Mizuho Securities a abaissé son objectif de prix sur PG&E Corporation à 14 $ contre 16 $, tout en conservant une note Neutre, invoquant la décision de l'entreprise d'économiser 2 milliards de dollars d'investissements en capital pour 2027, ramenant ainsi les dépenses à 11,4 milliards de dollars.

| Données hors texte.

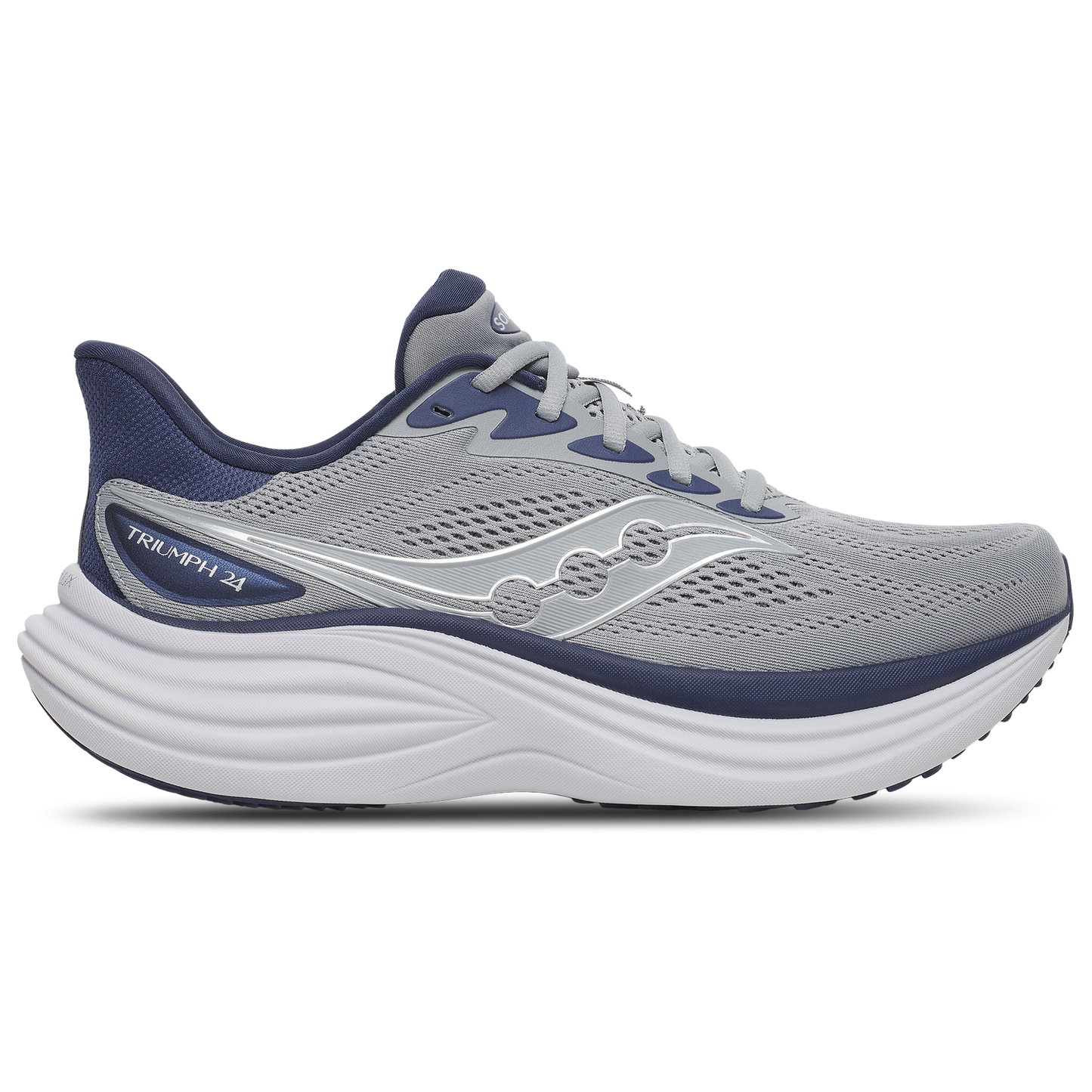 Saucony TRIUMPH 24 - Men's - Grey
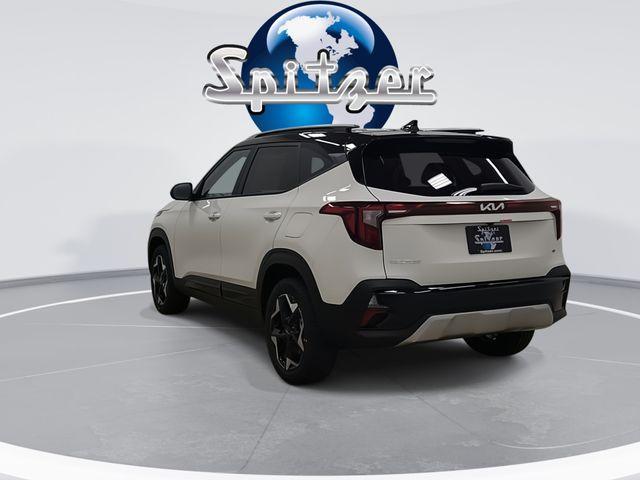 new 2026 Kia Seltos car, priced at $27,023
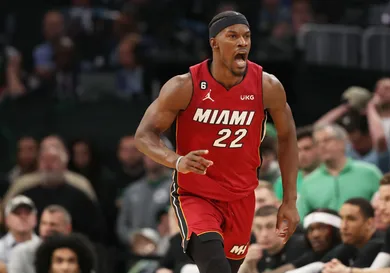 Miami Heat v Boston Celtics - Game Two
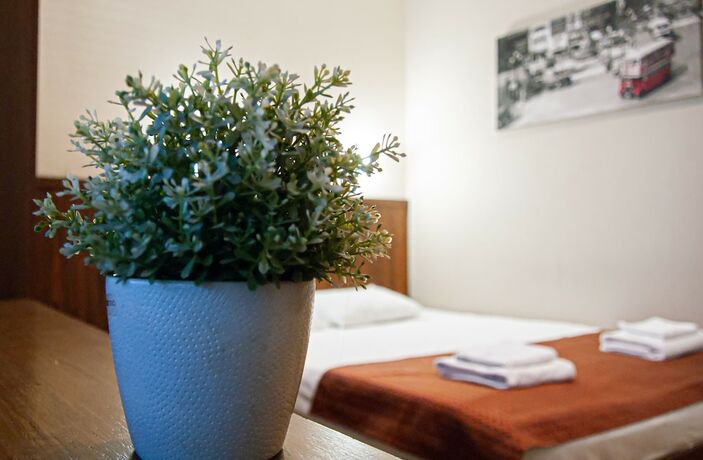 Imagen de la habitación del Hotel Broadway Moscow. Foto 34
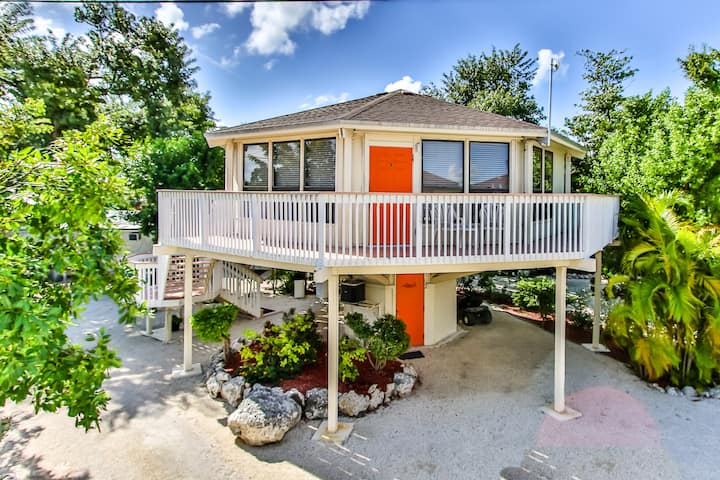 florida keys beach house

Cette annonce fait suite à une mise à jour du mardi dans laquelle PG&E n'a fourni aucune mise à jour au sujet de sa demande globale de tarif, n'a annoncée aucun rachat d'actions ou modification de dividende, et a réitéré un examen stratégique pouvant isoler le risque d'incendies dans le cadre de sa structure actuelle. L'approbation réglementaire d'une telle séparation, si elle est poursuivie, ne serait pas attendue avant 2027, avec un calendrier de 12 à 18 mois une fois que la demande aura été déposée.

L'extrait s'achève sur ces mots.